Armed with increasingly granular data, businesses can generate customized offers that point customers to the right products, at the right moment. This takes the guesswork out of sales. As a result, businesses can create marketing campaigns that can more precisely target and communicate with the right customers, determine which campaigns have the biggest impact on sales, build stronger relationships with customers, and in the end, increase market share and profit.


Keep Your Customer

Recent research carried out by Zendesk, a customer support company, found that customers are more likely to share their bad experiences than the good ones. Zendesk found that 33% of the surveyed customers would share their good experiences with at least five people. However, if the experiences were bad, 54% of the surveyed customers would share their experiences with more than five people. Social media becomes an easy platform for customers to share information and experiences quickly and conveniently. With just a few clicks, news can reach tens of thousands of people, and news of bad customer service tends to reach more ears than praise for good experiences. Also, according to the White House Office of Consumer Affairs, it is 6–7 times more expensive to acquire a new customer than it is to keep an existing one. Therefore, it is worth it for businesses to take the time to address unhappy customers and remedy the situation, and avoid any negative word of mouth exposure.
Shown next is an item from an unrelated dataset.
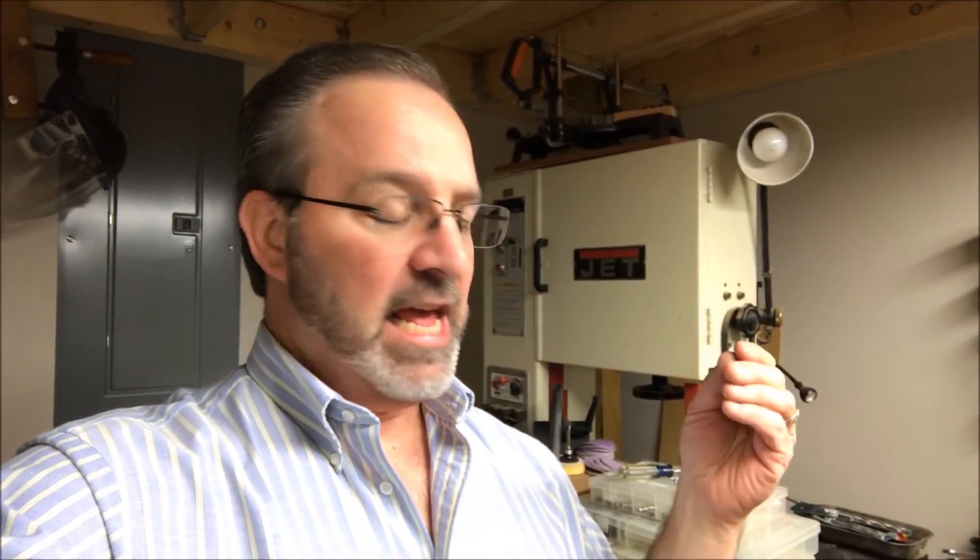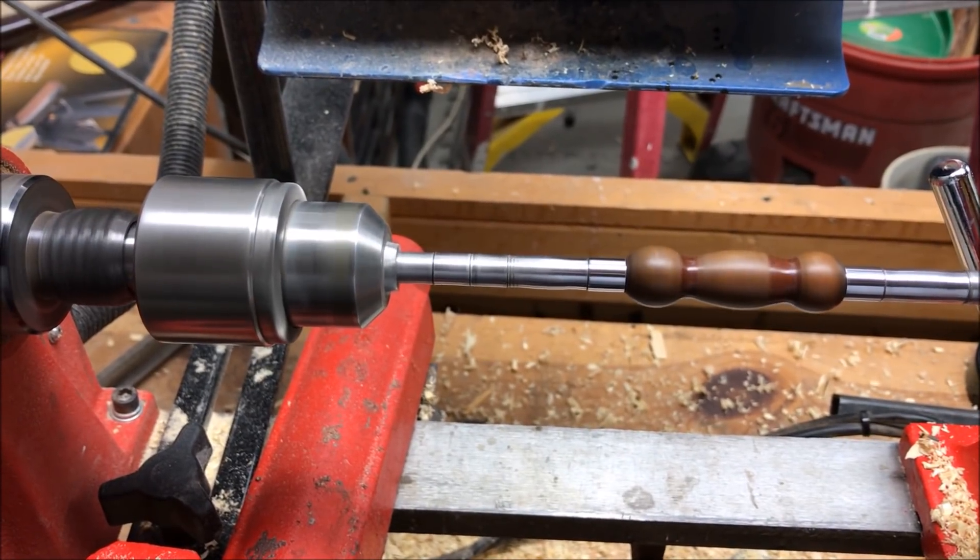Tonight I was working on refinishing a keychain for someone and the lathe was on low speed because I was using some micro mesh to take the CA finish off of the keychain. The lathe started surging. I turned it up a tiny bit and it seemed to level out, then it began surging again and I smelled a burning smell, so I shut the lathe off.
Further to these findings, research completed by the Pew Research Center’s Internet and American Life project in 2010 found that 58% of Americans conduct online research about products and services that they are considering purchasing. In other words, customers no longer base their purchasing decisions on product price alone. In fact, as pointed out by the Customer Experience Impact Report by Harris Interactive and RightNow, 9 out of 10 consumers say that they would pay more to ensure a better customer experience. Major factors that affect their decisions include other customers’ reviews, experiences, and recommendations. With the increased ease of access to information online, consumers can shop around until they find the products and services that suit them best.

In a way, this decreases customer loyalty. Customer experience has become the benchmark for differentiating between companies and brands. Businesses that offer consumers less than idea experiences will see their customers defect to competitors.  Businesses can now spot these trends before action is taken to leave or defect to a competitor through social media monitoring and analysis.


Know Your Own Data

What is also increasing is that customers want access to their own data when they need it – often instantly and in real-time. Customers now expect to be able to check the status of their orders, receive updates to their services, and see where their billing is upto – and companies without the ability to generate reports in real-time will fall behind as consumers recognise they can receive a better and more informed service elsewhere.

Even though data sharing between businesses and consumers is not an entirely new concept, it has been primarily focused on customer service interactions. It hasn’t been viewed as a way for businesses to build relationships with their customers and gain insight into how to better market to them. By sharing valuable data insights with their customers, businesses can strengthen relationships and increase their product usage and the overall customer experience. For example, a car manufacturer could monitor customers’ driving behaviours and share tips on how they could conserve petrol usage or become better drivers.



Data is an unlimited resource that will continue to expand as our technology advances. As more data become available, businesses that have systematically gathered data points about their customers can make much more effective marketing and sales strategy decisions. This new level of information also allows businesses to provide a better customer experience, and differentiate themselves from the competition.